Lieberman has been a pioneer since she was 17 and made the U.S. Olympic team for the 1976 Montreal Games. She became the first woman in a men’s pro league in 1986 with the Springfield Fame of the United States Basketball League. When the WNBA started, she returned as a player, and played one last game in 2008, at age 50.

Steffi Graf

No women’s tennis player has dominated a calendar year the way Graf did in 1988 at age 19. She completed the only Golden Slam in tennis history, by winning all four Grand Slam singles titles and the Olympic gold medal in the same calendar year. Leading up to her Grand Slam, she lost just once that year, to Gabriela Sabatini at Amelia Island.

Florence Griffith-Joyner

Griffith-Joyner still looms large over track and field.
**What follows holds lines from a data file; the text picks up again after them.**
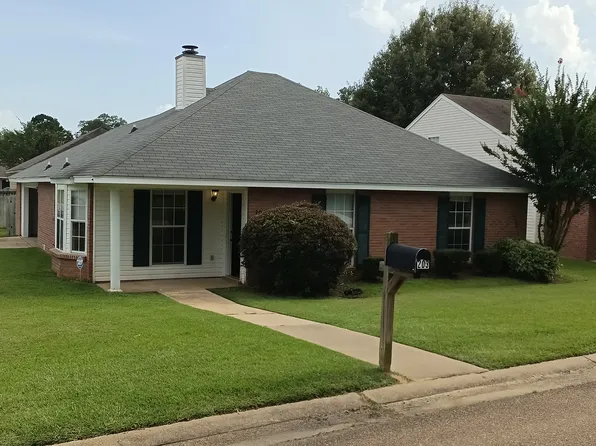 203 Sunchase Dr, Brandon, MS 39042
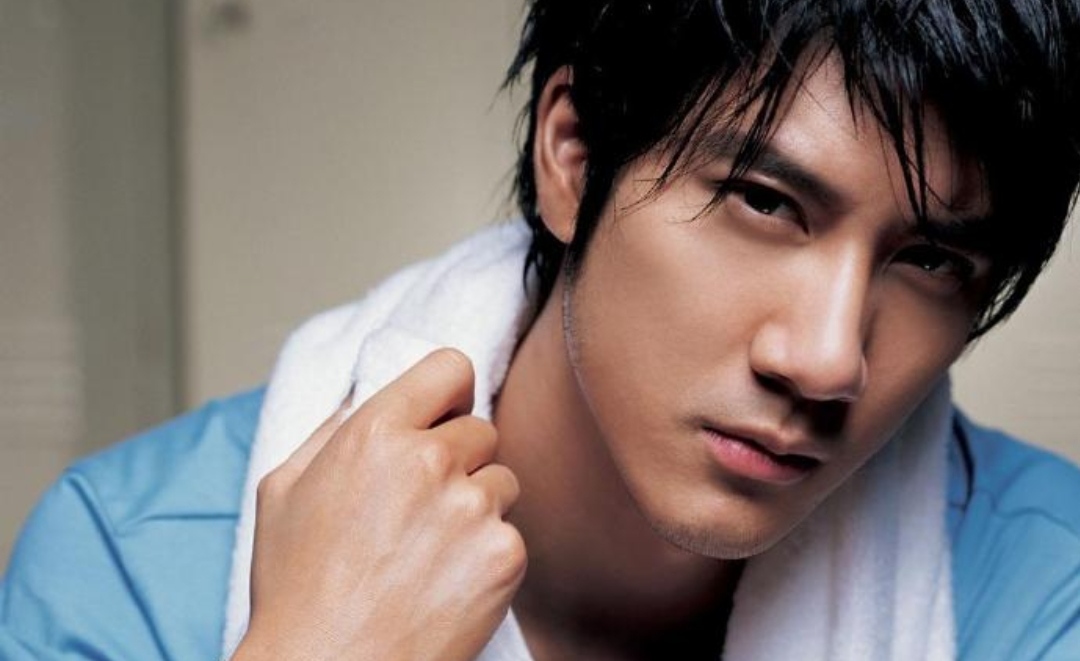 45岁王力宏生日晒照变样！满脸胡须看不见嘴巴，扎辫子长发到肩膀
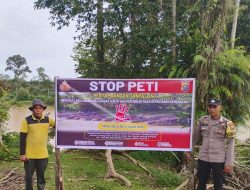 Polres Kuansing Gencarkan Pemasangan Spanduk Stop PETI di Sepanjang Sungai Kuantan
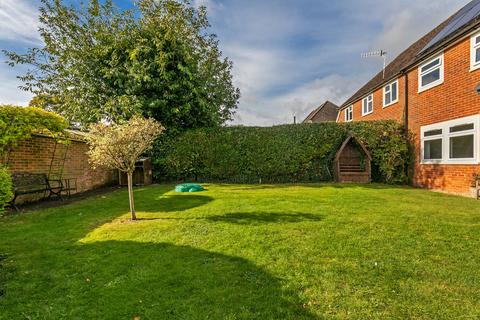 3 Hollands Close, Littleton, Winchester, SO22 6QN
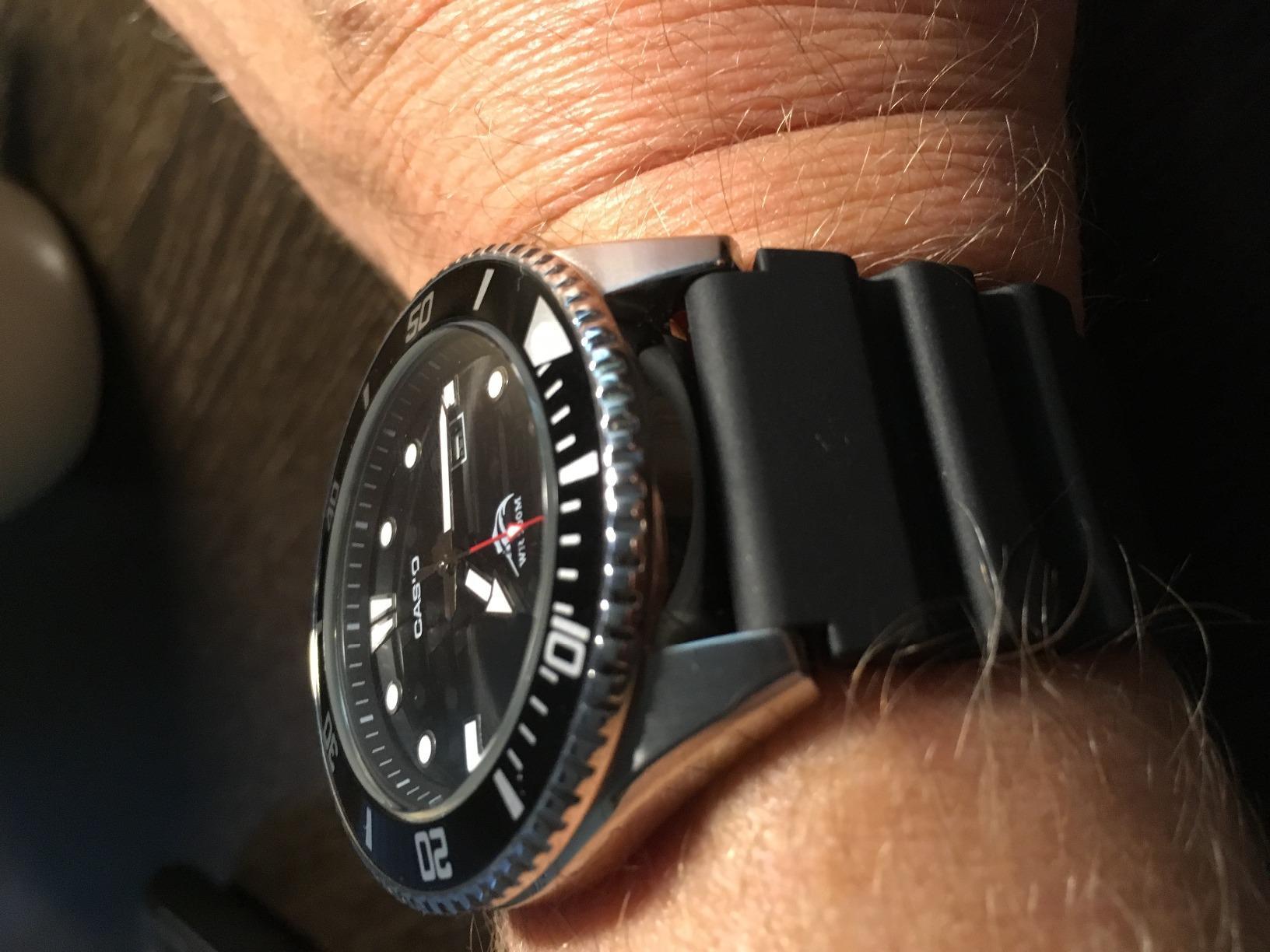 Casio MDV106 Series | Unisex Analog Watch | 200M WR | Stainless Steel Case | Resin Band | 2 Hand Analog (HR, Min, SEC) | Date Display | Screw Down Crown/Screw Down Caseback | 3 Year Battery customer photo 2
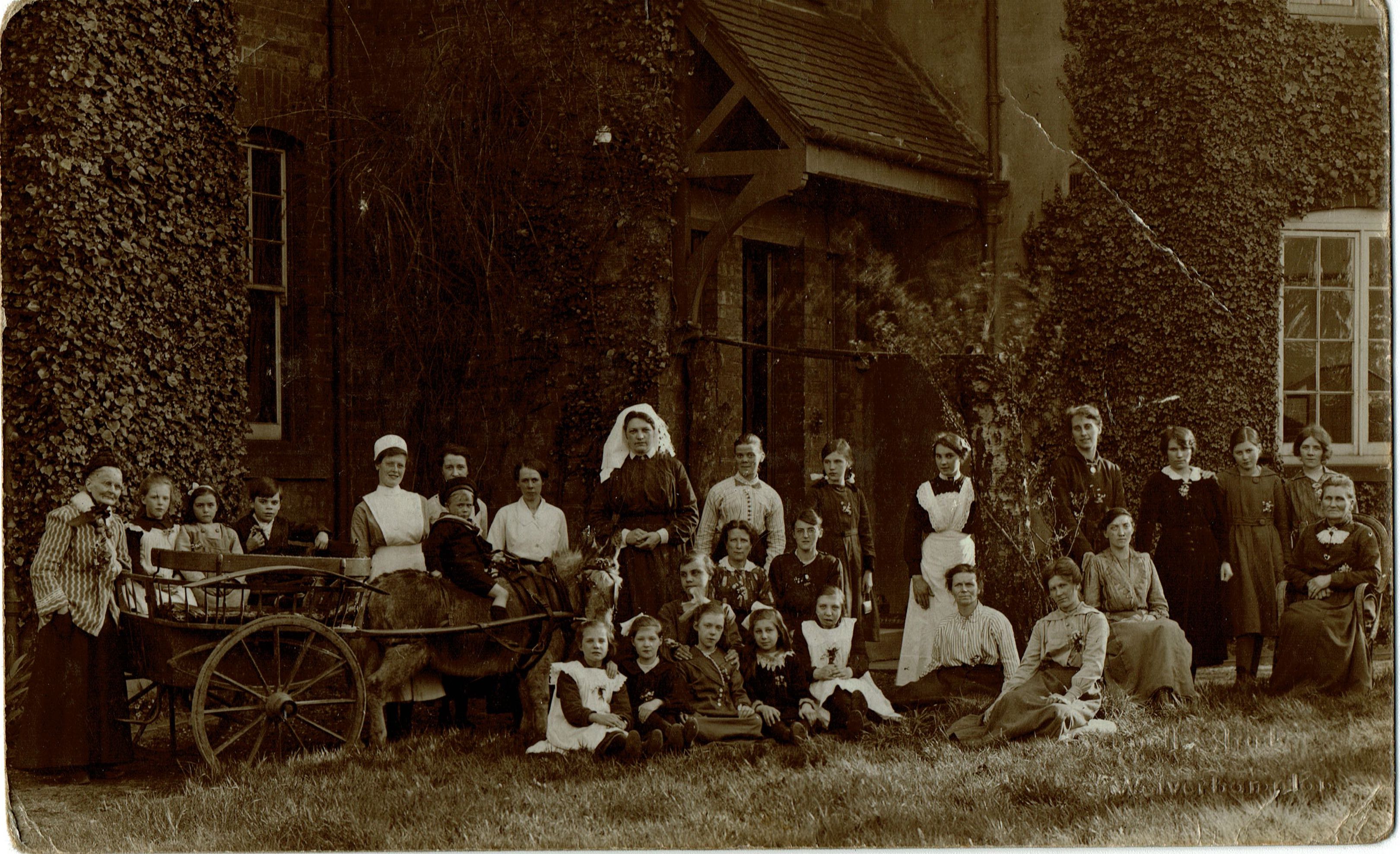 Orphan Picture, St. Catherine's Convalescent Home, Penn, Wolverhampton, Bennett Clark
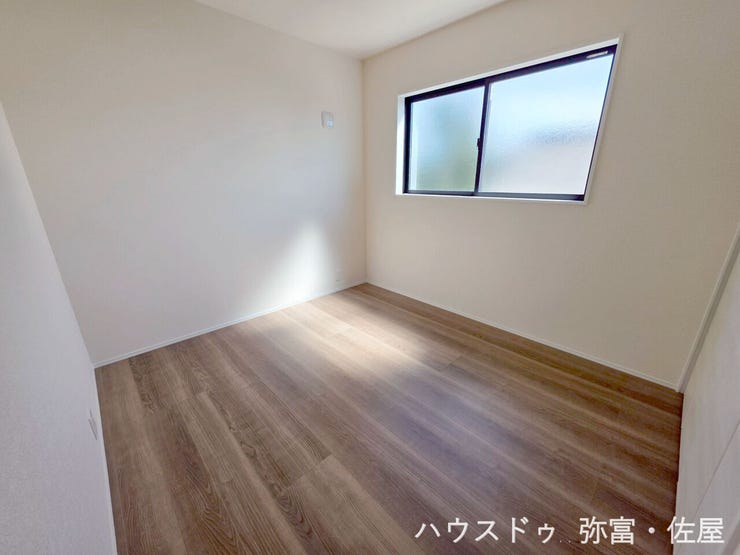 南側に面した約5.2帖の洋室☆
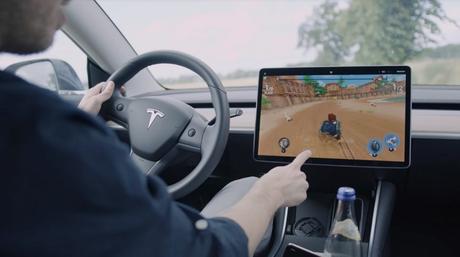 Spiele mit dem Tesla zocken – Steuerung mit Lenkrad und Fußpedalen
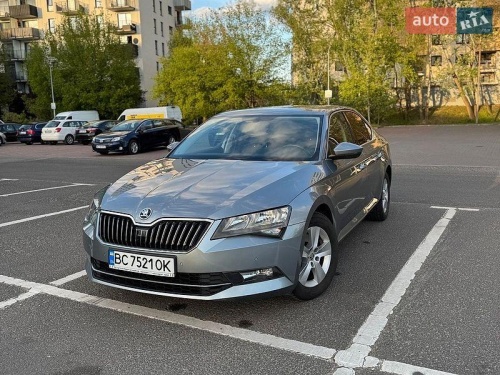 Skoda Superb 2016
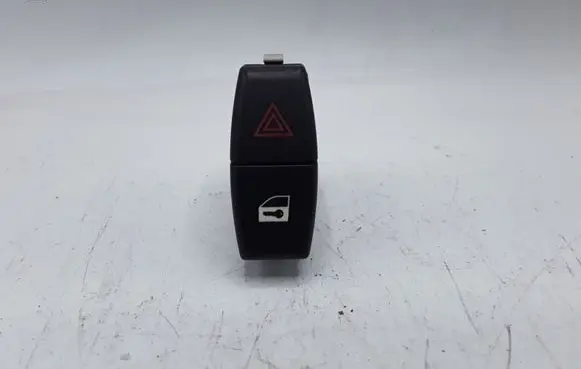 BMW X3 E83 Hazard light switch 6131691950604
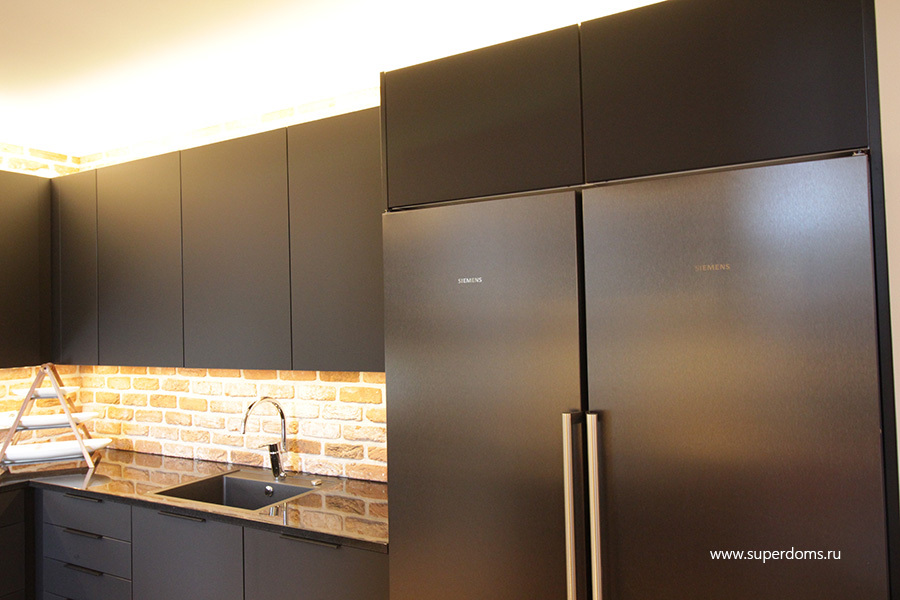 фото кухни в дом, 2 холодильника в цвет кухонных панелей, платиновый оттенок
Incredibly, she still holds the women’s world records in both the 100 meters and 200 meters, more than three decades later. She put up both times in 1988, with a 100m time of 10.49 seconds during Olympic qualifying and a 200m time of 21.34 during the Seoul games.

Manon Rheaume

A scout sent videotape of Rheaume to the Tampa Bay Lightning, she was invited to camp, and made her debut against the Blues in 1992. It was the first appearance by a woman in an NHL preseason game. “This changed my life basically and took my life in a different direction than I was planning to go,” said Rheaume, who won silver for Canada in the 1998 Winter Olympics.

Julie Krone

Aboard Colonial Affair at the 1993 Belmont Stakes, she became the first female jockey to win a Triple Crown race. She earned 3,704 wins and was the first woman inducted into the National Museum of Racing and Hall of Fame. Krone endured a fractured kneecap (in a race she went on to win), fractured ankle, a fall in which she broke both hands, and a fractured arm.